As for the money, well, we are about to experience a substantial increase in our defence budget, because of the perceived, probably real, increased threat of wars. It is not, as they say, rocket science to realise this is not a result of being generous, friendly and cooperative, qualities with have been crucial to human advancement over the millenia; but a result of isolationism, populist leaders, building walls rather than bridges.
Also, the headline is a direct, useless, inaccurate attack on the government of the day – you would almost think that the BBC is continuing in its role of Tory mouthpiece.
More importantly though it seeks to demonise asylum-seekers in themselves and inflame those who wish to think like that.
How many of us in this country really know what it is like to be a refugee, to seek asylum? Millions of us in fact are the descendants of those seeking refuge, but few of us, almost none of the white British population, or later immigration descendants, actually have experienced this. I haven’t either - although two or three generations ago, many of my ancestors were fleeing from pogroms in Russia and eastern Europe, and some from Nazi Germany, and some other family members never made it and were murdered in concentration camps.
But in my professional life, and sometimes socially, I have worked with and met families, mostly children, who have been true refugees from wars and persecutions. Mostly, in my work, from Kosovo or other countries caught up in the Balkan wars of the 90’s; from Eritrea and Sudan, often with a history of being forced to be child soldiers, carrying guns from the age of 8 or 9; or from India and Sri Lanka, as a result of civil wars and internecine disputes in both countries.
I can truly say that the stories these children and their parents have told me, have been amongst the most horrendous I have ever heard. (The only remotely comparable tales have been those surviving multiple-casualty terrorist attacks, or the worst of the sexually abused.) Children and their families seeing their parents, brothers and sisters, friends, shot or otherwise killed in front of their eyes, and/or the bloody aftermath. Experiences when they were sure they were about to die themselves, or were told they were about to be shot but it didn’t happen. Being made – aged 8, 9, 10 - to carry guns, learn to shoot them, and to shoot others, or risk being killed themselves. Being placed in temporary accommodations in their home countries, not protected, vulnerable to and in many cases abused by adults around them, or seeing this happen, or seeing friends and relatives trying to kill themselves because of the horror and hopelessness of their experiences.
Yes, some people claim asylum dishonestly, or try to trick the system, but that does not matter to these refugees and should not matter to how we treat them. We – individually, as families, as politicians – should put ourselves in their shoes before we pass any sort of judgment. Despite all the awfulness here, we mostly have privileged lives. (And more broadly, it’s important, necessary, not to conflate concerns about people who might flout a system – benefits, healthcare, special education needs – with the needs of the invariably many multiples more who need those areas of help.)

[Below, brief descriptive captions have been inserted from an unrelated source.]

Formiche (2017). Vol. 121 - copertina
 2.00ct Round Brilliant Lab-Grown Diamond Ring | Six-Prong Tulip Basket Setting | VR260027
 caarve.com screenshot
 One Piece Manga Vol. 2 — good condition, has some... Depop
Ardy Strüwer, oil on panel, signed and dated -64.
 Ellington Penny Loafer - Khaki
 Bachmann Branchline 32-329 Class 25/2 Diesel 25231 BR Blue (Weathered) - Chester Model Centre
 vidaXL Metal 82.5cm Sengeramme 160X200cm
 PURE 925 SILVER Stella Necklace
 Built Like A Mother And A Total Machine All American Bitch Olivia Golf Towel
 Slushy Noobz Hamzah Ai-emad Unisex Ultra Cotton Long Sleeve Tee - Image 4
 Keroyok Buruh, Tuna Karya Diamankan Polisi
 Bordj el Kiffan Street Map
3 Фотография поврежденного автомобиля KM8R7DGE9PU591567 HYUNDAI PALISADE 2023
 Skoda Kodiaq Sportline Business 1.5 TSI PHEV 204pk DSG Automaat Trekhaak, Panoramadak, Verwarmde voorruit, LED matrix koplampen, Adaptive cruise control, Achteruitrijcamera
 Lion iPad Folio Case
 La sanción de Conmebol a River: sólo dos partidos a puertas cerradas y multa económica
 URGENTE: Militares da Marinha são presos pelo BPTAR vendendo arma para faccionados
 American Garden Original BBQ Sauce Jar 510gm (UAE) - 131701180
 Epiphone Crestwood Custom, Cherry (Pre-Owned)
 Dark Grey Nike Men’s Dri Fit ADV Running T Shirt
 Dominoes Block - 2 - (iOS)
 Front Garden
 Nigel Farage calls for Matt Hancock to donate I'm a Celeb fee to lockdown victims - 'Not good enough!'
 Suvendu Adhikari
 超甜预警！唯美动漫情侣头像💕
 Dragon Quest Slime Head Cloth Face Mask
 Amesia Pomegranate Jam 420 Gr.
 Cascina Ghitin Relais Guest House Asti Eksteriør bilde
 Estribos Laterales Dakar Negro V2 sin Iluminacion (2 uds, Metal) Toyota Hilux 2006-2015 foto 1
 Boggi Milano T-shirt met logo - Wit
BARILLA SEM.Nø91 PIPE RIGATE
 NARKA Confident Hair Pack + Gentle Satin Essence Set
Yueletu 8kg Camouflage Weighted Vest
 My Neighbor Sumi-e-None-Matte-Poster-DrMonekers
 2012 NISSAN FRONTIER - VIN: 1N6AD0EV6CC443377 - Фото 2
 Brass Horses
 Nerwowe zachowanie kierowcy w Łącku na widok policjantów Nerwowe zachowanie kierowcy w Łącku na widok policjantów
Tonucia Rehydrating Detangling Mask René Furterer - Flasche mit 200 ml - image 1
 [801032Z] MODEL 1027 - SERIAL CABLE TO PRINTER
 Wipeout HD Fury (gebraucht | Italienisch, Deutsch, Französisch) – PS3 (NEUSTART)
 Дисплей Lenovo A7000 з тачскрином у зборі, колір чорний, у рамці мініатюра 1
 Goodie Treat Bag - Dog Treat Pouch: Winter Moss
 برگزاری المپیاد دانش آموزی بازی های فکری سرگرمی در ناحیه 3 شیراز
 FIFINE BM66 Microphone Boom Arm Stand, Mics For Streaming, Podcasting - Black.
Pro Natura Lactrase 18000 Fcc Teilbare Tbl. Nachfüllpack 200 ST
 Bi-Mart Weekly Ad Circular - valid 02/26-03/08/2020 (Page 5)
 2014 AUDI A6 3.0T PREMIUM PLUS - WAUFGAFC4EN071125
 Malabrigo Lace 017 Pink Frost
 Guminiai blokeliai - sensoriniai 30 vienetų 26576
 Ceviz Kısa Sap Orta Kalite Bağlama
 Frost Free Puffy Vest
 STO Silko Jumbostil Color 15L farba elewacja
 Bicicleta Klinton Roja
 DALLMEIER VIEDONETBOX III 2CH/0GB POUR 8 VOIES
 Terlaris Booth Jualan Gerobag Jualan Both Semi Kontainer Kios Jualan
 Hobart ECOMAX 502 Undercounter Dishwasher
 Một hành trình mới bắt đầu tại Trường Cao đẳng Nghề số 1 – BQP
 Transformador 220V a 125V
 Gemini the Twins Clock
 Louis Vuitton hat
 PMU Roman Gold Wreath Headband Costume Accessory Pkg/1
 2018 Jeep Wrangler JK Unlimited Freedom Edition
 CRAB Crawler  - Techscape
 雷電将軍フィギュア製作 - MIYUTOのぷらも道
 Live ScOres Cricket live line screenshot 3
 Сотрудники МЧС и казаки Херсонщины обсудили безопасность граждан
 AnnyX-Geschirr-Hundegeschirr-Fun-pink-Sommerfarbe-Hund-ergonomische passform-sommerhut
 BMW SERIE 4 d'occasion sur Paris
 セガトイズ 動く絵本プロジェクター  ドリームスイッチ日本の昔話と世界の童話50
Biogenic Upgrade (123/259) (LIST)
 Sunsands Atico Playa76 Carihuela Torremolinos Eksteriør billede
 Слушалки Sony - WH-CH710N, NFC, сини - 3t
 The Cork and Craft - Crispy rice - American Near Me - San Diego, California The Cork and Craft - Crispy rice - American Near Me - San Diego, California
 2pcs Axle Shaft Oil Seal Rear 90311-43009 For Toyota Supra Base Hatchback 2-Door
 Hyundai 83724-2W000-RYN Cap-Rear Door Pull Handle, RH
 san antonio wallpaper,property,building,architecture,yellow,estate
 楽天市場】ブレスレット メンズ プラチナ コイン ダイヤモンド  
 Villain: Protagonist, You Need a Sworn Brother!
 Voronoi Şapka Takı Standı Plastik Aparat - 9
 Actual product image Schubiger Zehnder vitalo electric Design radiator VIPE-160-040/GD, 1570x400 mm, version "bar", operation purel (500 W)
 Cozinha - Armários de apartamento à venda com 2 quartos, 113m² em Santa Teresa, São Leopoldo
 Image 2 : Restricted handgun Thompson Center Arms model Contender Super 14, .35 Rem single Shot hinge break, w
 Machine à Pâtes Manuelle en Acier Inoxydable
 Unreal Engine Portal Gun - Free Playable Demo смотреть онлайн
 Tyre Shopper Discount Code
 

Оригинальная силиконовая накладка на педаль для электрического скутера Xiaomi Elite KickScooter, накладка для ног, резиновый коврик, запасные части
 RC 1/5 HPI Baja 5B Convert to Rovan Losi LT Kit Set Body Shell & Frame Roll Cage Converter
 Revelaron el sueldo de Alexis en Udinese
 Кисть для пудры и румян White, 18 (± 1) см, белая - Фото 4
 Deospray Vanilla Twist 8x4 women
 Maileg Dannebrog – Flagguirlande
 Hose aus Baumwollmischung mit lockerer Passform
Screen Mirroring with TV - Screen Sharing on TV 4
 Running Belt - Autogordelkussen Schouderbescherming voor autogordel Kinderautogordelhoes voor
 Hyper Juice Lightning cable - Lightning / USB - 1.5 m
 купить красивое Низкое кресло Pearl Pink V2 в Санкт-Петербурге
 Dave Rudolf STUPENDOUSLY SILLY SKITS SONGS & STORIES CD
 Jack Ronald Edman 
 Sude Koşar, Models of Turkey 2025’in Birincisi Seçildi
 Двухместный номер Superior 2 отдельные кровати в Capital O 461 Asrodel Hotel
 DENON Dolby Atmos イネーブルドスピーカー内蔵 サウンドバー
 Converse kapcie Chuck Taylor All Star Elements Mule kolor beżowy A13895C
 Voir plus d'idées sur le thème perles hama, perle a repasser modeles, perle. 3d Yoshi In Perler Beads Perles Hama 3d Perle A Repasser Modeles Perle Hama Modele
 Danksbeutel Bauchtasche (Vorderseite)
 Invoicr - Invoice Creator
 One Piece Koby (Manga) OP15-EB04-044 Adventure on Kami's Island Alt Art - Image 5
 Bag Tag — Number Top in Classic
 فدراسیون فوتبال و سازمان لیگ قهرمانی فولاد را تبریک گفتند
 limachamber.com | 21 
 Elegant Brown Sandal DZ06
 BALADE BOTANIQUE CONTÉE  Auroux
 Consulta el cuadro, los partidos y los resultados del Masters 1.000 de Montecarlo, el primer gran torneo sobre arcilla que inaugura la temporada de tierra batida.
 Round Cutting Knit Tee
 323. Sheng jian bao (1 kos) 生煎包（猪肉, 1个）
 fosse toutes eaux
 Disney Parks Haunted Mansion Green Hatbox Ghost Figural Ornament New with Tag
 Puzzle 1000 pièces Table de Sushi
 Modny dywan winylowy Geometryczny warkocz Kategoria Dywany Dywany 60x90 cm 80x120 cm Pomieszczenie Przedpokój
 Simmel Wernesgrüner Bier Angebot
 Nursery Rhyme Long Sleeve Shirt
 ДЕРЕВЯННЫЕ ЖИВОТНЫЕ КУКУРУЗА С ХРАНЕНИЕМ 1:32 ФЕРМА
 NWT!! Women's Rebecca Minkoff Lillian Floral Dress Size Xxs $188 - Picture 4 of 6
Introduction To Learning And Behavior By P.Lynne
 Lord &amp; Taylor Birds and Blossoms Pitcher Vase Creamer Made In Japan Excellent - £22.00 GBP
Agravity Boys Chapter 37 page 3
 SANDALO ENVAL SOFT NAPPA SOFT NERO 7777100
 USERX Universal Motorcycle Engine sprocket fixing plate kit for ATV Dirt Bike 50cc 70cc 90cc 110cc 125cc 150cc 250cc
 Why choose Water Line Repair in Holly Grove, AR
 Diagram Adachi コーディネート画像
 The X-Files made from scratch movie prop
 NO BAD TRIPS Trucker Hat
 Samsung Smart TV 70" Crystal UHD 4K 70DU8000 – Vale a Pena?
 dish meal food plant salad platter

I’ve read a few amazing poems about refugees today, thinking about this little essay – W. H. Auden’s 1939 ‘Refugee Blues’; ‘Home’, by Warsan Shire; Benjamin Zephaniah’s ‘We Refugees’, and recommend them all. But I’ll finish by unapologetically (unless i have breached copyright; but it seems to be in the public realm) copying out ‘Refugees’ by Brian Bilston, which my stepmother showed me recently, and if you choose to read it, ensure once read, that you follow its instruction to start again at the bottom and read it upwards….
They have no need of our help
So do not tell me
These haggard faces could belong to you or I
Should life have dealt a different hand
We need to see them for who they really are
Chancers and scroungers
Layabouts and loungers
With bombs up their sleeves
Cut-throats and thieves
They are not
Welcome here
We should make them
Go back to where they came from
They cannot
Share our food
Share our homes
Share our countries
Instead let us
Build a wall to keep them out
It is not okay to say
These are people just like us
A place should only belong to those who are born there
Do not be so stupid to think that
The world can be looked at another way
(Now read from bottom to top.)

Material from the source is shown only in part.